In mezzo secolo la densità di urbanizzazione nel primo chilometro di territorio che si affaccia sulla costa è passata dal 10 al 21%, con punte del 25% in Sardegna e del 33% in Sicilia.
Una pressione che per il 95% è stata prodotta dall’espansione edilizia (per il 58,7% strutture turistiche, per il 19% case): tra il 2000 e il 2010 sono stati costruiti sui versanti tirrenico e adriatico 13.500 edifici, 40 per chilometro quadrato; più del doppio sulla costa jonica.
Nonostante questa crescita poco controllata, il sistema formato da 100 parchi e riserve e da oltre 200 siti costieri della Rete Natura 2000 ha fatto da argine limitando i danni, come emerge con chiarezza sul versante tirrenico dove i parchi del Pollino e del Cilento rappresentano un’oasi verde in una striscia di cemento.
Il 23% delle coste italiane è così rimasto con tratti in buono stato di salute ambientale superiori ai 5 chilometri.

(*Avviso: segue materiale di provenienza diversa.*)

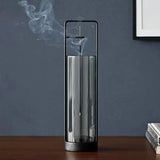 A modern cylindrical incense burner with a clear glass body, black metal frame, and black base, shown on a wooden table with incense smoke rising against a dark blue-gray wall.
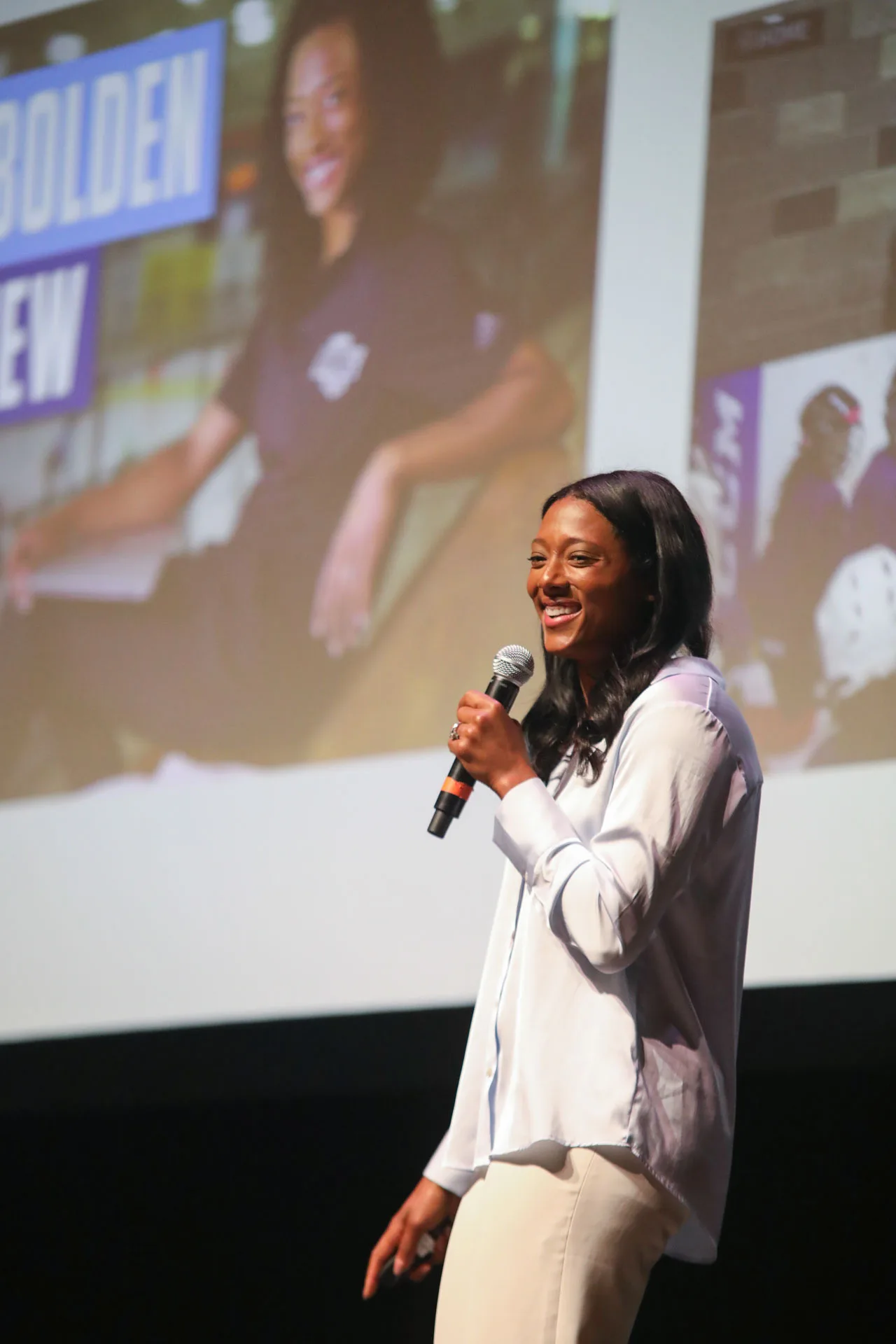 Blake Bolden on stage in a white blouse, smiling as she speaks into a microphone
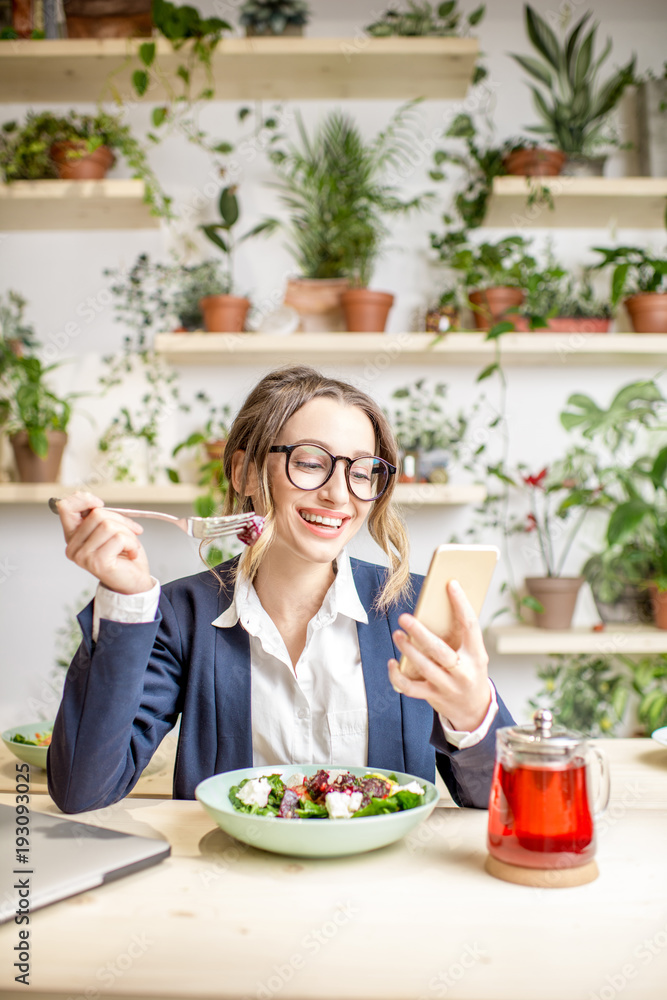 一位女商人在午餐时吃沙拉，坐在美丽的g上的素食餐厅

Le aree più ricche dal punto di vista ecologico sono: il Mar Ligure e l’Arcipelago Toscano (con il Santuario internazionale dei Cetacei); il Canale di Sicilia (con cumuli di coralli bianchi e zone di deposizione delle uova per tonni, pesci spada e acciughe); il Mare Adriatico settentrionale (con una delle popolazioni più importanti di tursiopi del Mediterraneo); il Canale di Otranto (con cetacei, foca monaca e pesce spada).